This is a library for computing the Silhouette Coefficient, a metric used to evaluate the quality of clustering.
Given:
- an array of points (of any dimension),
- an array that corresponds to the cluster assignments for each point,
- an optional custom distance function
this module returns their silhouette score. It measures how similar a data point is to its own cluster and how dissimilar compared to other clusters, providing insights into the cohesion and separation of clusters.
npm install silhouette-coefficient
const silhouette = require("silhouette-coefficient");
//or
//import silhouette from "silhouette-coefficient";
// Example 1
// 1-dimensional data points using the default euclidean distance
const vectors = [[-3], [3], [5]];
const labels = [0, 3, 3];
console.log(silhouette(vectors, labels));
// Expected output: 0.47222222222222215
// ----------------
// Example 2
// 4-dimensional data points using manhattanDistance function to calculate distance
const vectors2 = [
[-7.153, -7.391, 4.773, 1.982],
[-7.391, -7.112, -1.664, 8.179],
[-2.018, 8.284, -6.531, -6.698],
[4.501, 2.63, -6.688, -7.322],
[-5.644, -5.829, -2.458, 8.832],
];
const labels2 = [1, 1, 0, 2, 1];
function manhattanDistance(a, b) {
let dist = 0;
for (let i = 0; i < a.length; i++) {
dist += Math.abs(a[i] - b[i]);
}
return dist;
}
console.log(silhouette(vectors2, labels2, manhattanDistance));
// Expected output: 0.4242836826891837
silhouetteCoefficient(vectors, labels, [distanceFormula])

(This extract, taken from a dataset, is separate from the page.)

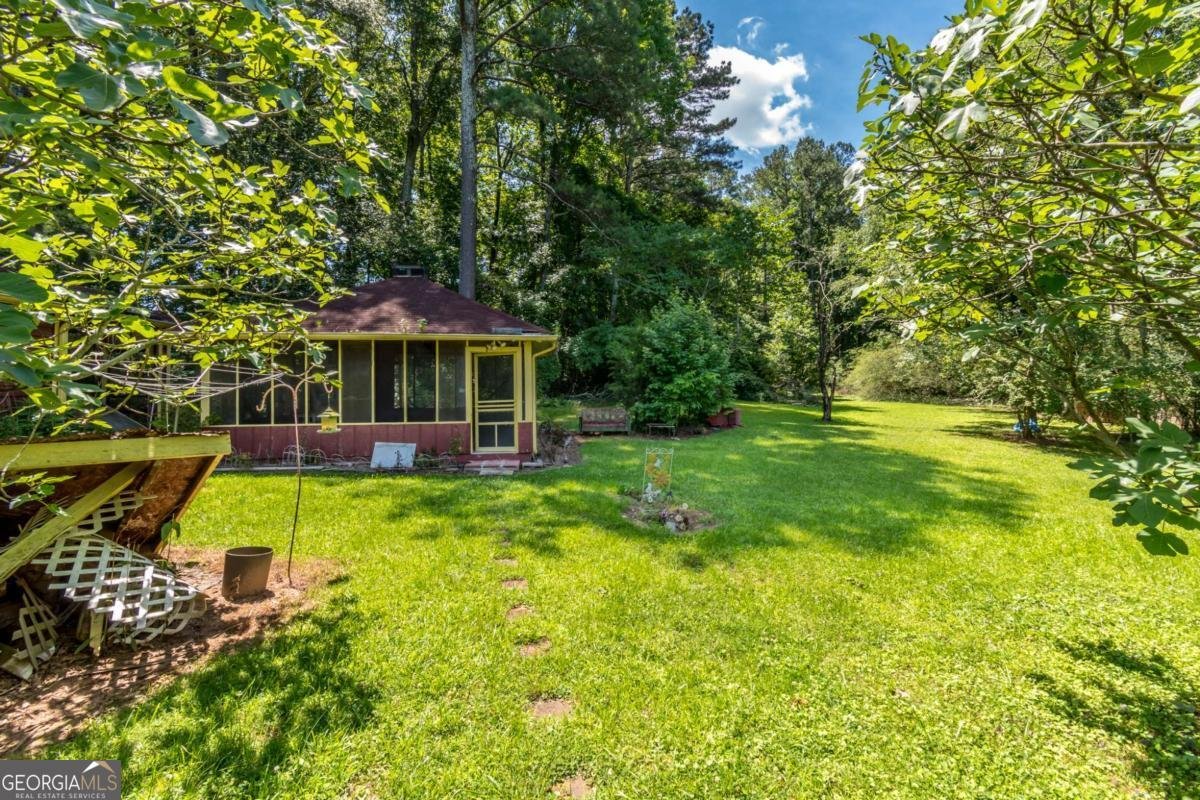 2218 Young Road Stone Mountain - Photo 11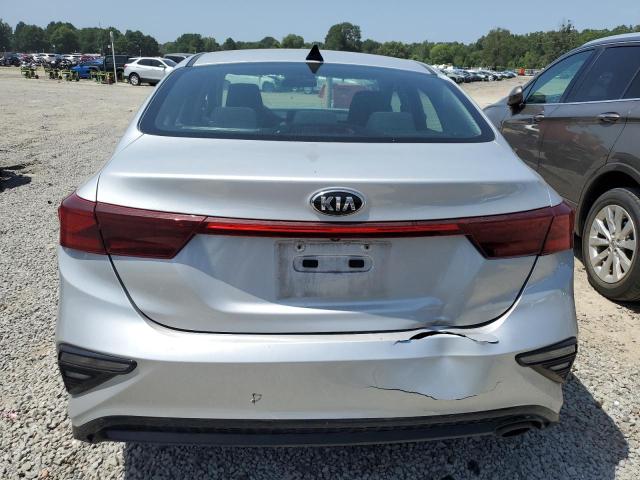 Photo 6 from auction – 2019 KIA FORTE FE with VIN 3KPF24AD5KE132338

- vectors: An array of data points, where each data point is represented as an array of coordinates.
-
labels: An array indicating the cluster assignment for each data point in vectors.
Example: If labels = [0, 0, 2, 1, 1], the first two points belong to cluster 0, the third point belongs to cluster 2, and the last two points belong to cluster 1. -
distanceFormula: An optional custom distance formula that calculates the distance between two points. It takes two points as arguments and returns a number which represents the distance.
If not provided, it will use Euclidean distance.
The function returns the silhouette score which ranges from -1 to 1, where a higher value indicates better-defined clusters. It can also return NaN if the input data points contain non-numeric values as coordinates.